Why We Stopped Relying on HRV Apps

What is HRV?

Heart Rate Variability (HRV) is technology that claims to score our HRV and predict how long we need to recover from a given workout and when we’re ready to train again. Whether it’s an app or a program built into a watch, it is wonderful to think that one metric is all we need. But inaccurate recommendations, especially false positives, mean that this technology must be treated with deep skepticism.

For more on the purpose of monitoring HRV, and how to measure it accurately, in our comprehensive article.

We also have an updated article to share how our coaches use HRV to gain insights into our athletes’ training.

Our experience as coaches and as athletes

In this article Uphill Athlete coaching team relates their independent experiences with this technology and give you some warnings for using them to monitor your training. In short—the apps return too many false positives to be relied upon. Furthermore, there remain a number of questions that the app makers themselves seem unable to answer. For example: How do the various apps weigh the HRV signals and assign a heart rate variability normal range for a given athlete? How does heart rate variability change with age? And is one 50 year old weighted the same as another? What about female athletes? As we frequently state, training must be individualized to be effective.

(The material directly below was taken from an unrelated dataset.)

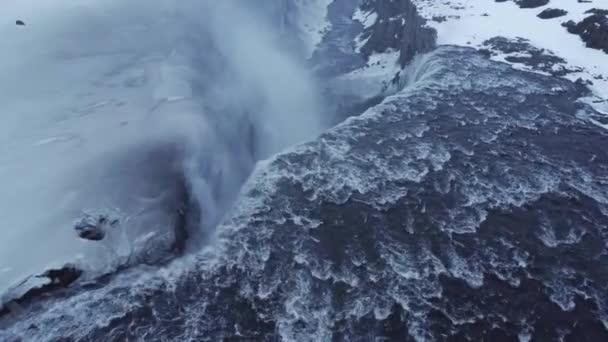 Снимок Дрона Чистого Каскада Падающего Снежной Скалы Холодный Зимний День — стоковое видео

This article generated some criticism from the maker of the ithlete HRV app, who asked to offer his views on our original article. In the interest of making our website a source of reliable and useful information for mountain athletes, we accepted his request. His response is printed following this article, followed up with our concluding comments.

TRAINING FOR THE UPHILL ATHLETE

BUY THE BOOK

Scott Semple's Experience

Scott Semple was one of the first coaches employed at Uphill Athlete and is a former Canadian National Champion in Master’s Ski Mountaineering Racing.

The idea of an app that could tell me when to train was exciting. I liked the convenience of one train-or-don’t-train metric. It would take away the second-guessing and keep me healthy as well. Right?

Unfortunately, it didn’t work out that way.

The HRV Apps

I started with Elite HRV (because it’s free) and then moved on to ithlete (because it’s nicer to look at). Elite HRV distinguished between sympathetic and parasympathetic biases in the central nervous system. ithlete’s Pro account gave more nuanced prescriptions with its Z-scoring.

But for what I needed—reliable daily training advice—neither was foolproof. Elite HRV recommendations didn’t seem to vary that much. ithlete often told me to train when I felt tired.

The Test

Late last year, I did a daily comparison between Elite HRV, ithlete, and an orthostatic heart rate test. The HRV apps are quick and simple, but an orthostatic heart rate test is far less convenient. It takes longer and it requires ongoing interpretation, but I’d had good results with it in the past. After variable results with the apps, I was willing to try something more cumbersome, as long as it was effective.

In particular, I wanted to look for false positives in any of the three methods. While a false negative—telling me to rest when I could train—could lead to undertraining, a false positive would be far worse. False positives—telling me to train when I should rest—would lead to overtraining. That would mean lost training time due to excessive fatigue or illness or both.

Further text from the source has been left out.